That's the challenge facing a new book called Cycling Shouldn't Hurt (grayshon.co). Set to be released this summer, it is the brainchild of Neil Grayshon, an east London publisher and cyclist. But for him, it's just as much a campaign project as it is a commercial book deal.

The aim, he says, is to bring together 50 portraits and "extreme" close-ups of battered cyclists and their injuries, using the "potency of the photography" to show "the human scale and reality of what happens when London's almost criminal infrastructure lets cyclists down".

His charge, and that of many cyclist campaigners, is that media coverage of cycling safety, and, in particular, a spate of cycling deaths in the capital last year, focuses on statistics and lurid headlines, rather than the human stories of suffering. Paradoxically, though, he says, the project isn't intended to put people off cycling. Far from it. Instead, it will include a now-familiar call for more space for cyclists and segregated cycle ways, to keep vulnerable riders and traffic apart.

Grayshon hopes the project, which is continuing its search for subjects at this weekend's Spin London cycling exhibition (spinldn.com), will act as a "shocking call to arms" and that the powerful portraits by photographer Fiona Garden will force policy-makers to confront the reality of cycling on the crowded streets of London.
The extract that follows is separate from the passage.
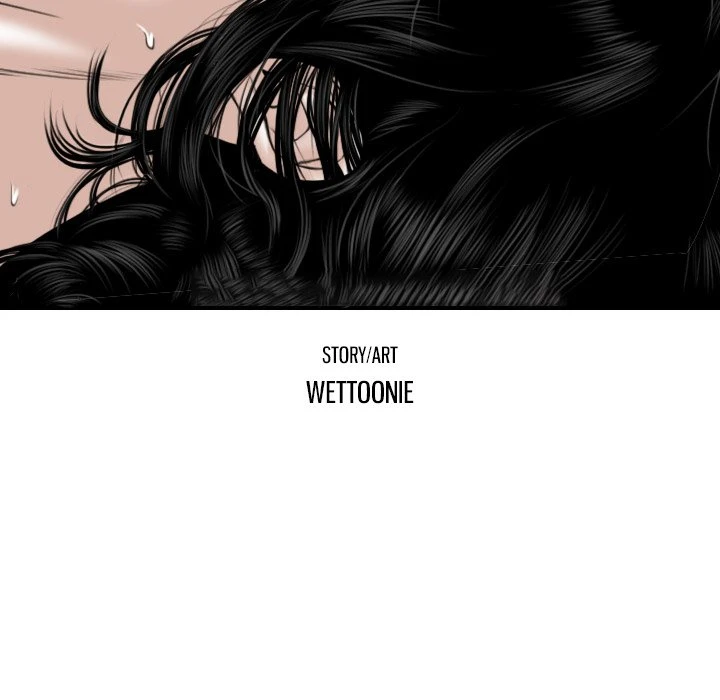 Chapter 33, page 67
With his own personal injury history reading like a casualty ward admission chart (a broken elbow, cracked ribs and steel pins on his gums), Grayshon knows that reality all too well. This is why, he says, the campaign won't shy away from showing the gory reality in extreme close-up.

There couldn't be a better time for Cycling Shouldn't Hurt to point out that riders aren't just negative statistics, because just yesterday the latest Office of National Statistics showed the number of people travelling to work in the capital by bicycle soaring by 144 per cent between 2001 and 2011 (the figure is equally encouraging for other major cities, but nationally sits stubbornly at just 2.8 per cent).

The worry, though, is that despite the increase in participation, the number of cyclists killed or seriously injured (KSIs) per billion miles cycled is creeping back up again, after 30 years of falling statistics. Admittedly the print run of Grayshon's book is small at under 1,000 copies, but he hopes it will take cycling safety "beyond statistics" to show that injured cyclists are "vulnerable road users with stories to tell".

To that end there won't be a traditional book launch. Instead the title will be debuted with a mass participation protest ride to deliver copies to London Mayor Boris Johnson and the leaders of London's local authorities. In the future, Grayshon also hopes to expand it beyond the capital with supporters providing their own photographs. "I want it to have a life beyond the book," he says.

One of the stories that has been professionally photographed belongs to structural engineer Will Linton, 25. A dedicated Lycra-wearing road warrior, he was knocked off his bike by a driver opening a car door on him. The result was a broken collar bone, weeks of pain and numerous operations to put it right and reduce the discolouration and scarring.

"Cycling in London is safe, I've just been unlucky," says Linton, who had no qualms about sitting for such a personal portrait. "There is a risk that the graphic nature of my injuries could put people off, but that's not the point. I got back on my bike as soon as I could, and thankfully now the scars are fading."